Çeşitli tarihi ve çağdaş sanat yapıtlarının yer aldığı bu karma sergi silahlı şiddetin yaygınlığı hakkında. Sanatçılar savaşı, cinayeti, saldırganlık eylemlerini incelerken katil, kurban ve silah "karakter"lerine odaklanıyorlar.
Savaşta kullanılan ilk ateşli silah 14. yüzyılda toptu. Savaş bağlantılı ölümlerin resimlerinin gazetede ilk yayımlanması da teknolojinin imkanlarının yeterince geliştiği 1860'lardadır. Mathew Brady'nin akıldan çıkmayan İç Savaş mağdurları görüntüleri, savaş alanında yaşanan katliamı halka ilk defa gösteren fotoğraflardır. Brady, yitirilen yaşamları görüntülemek için kendini vahşetin tam ortasına atarak kendi yaşamını da tehlikeye sokmuştur. Bu cansız genç adam görüntülerinin o dönemin izleyicileri için muhtemelen nasıl kan dondurucu olduğunu ne kadar vurgulasak az. Eddie Adams, bir asır sonra Vietnam Savaşı'nın dehşet verici anlarını, eşit derecede simgesel görüntülerle kaydediyordu. Bir Vietkong Tutsağının Sokakta İnfaz Edilişi, Saygon (1968), Vietnam ordusundan bir askerin, bir Vietkong savaşçısını başından vurarak öldürüşünü gösterir. Adams, bu acımasız cinayetin hemen öncesini, infaz anını ve sonrasını açık bir dürüstlükle görüntüler. İzleyici kendini bir anda bir cinayete şahit konumunda bulduğundan, buradaki vahşet elle tutulabilir somutlukta ve son derece rahatsız edicidir.

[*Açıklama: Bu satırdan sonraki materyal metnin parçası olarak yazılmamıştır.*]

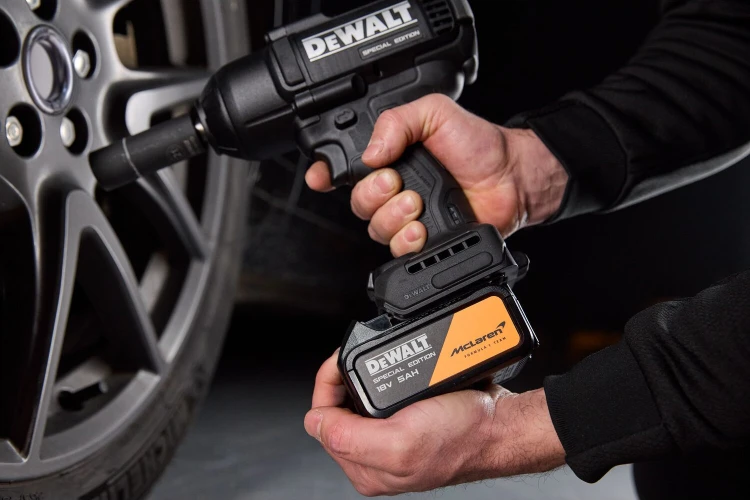 zastosowanie Klucza udarowego Dewalt DCF99M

Sergideki diğer sanatçılar, kayıpları ölü insan görüntülerini kullanmadan gösteriyor. Kris Martin'in Obüs Mermi Kovanları II (Obussen II, 2010) adlı yerleştirmesi, Birinci Dünya Savaşı'ndan artakalmış 700'den fazla boş Howitzer mermi kovanından oluşur. Altın rengindeki bu parlak kovanlar, savaşın kayıplarını estetik açıdan güzel, ama bir o kadar da acı verici bir şekilde anlatır. Rózsa Polgár'ın Asker Örtüsü 1945 (1980) adlı çalışması İkinci Dünya Savaşı dönemine özgü yünlü bir örtüdür. Genellikle yalıtım ve korunma amacıyla kullanılan bu örtü kurşun izleriyle delik deşik edilmiştir. Ella Littwitz'in İsimsiz (Çarşaf) (2010) adlı fotoğrafı, İsrail'in 1948'deki Bağımsızlık Savaşı'nda bir Mısır uçağından gelen kurşunla vurulan İsrailli askerin üstünü örtmek için kullanılan çarşafı gösterir. Morgda ölü askerin vücuduna sarılı olan bu beyaz çarşaf, temizlik ve hijyen kavramlarıyla olan tüm ilişkisini yitirmektedir.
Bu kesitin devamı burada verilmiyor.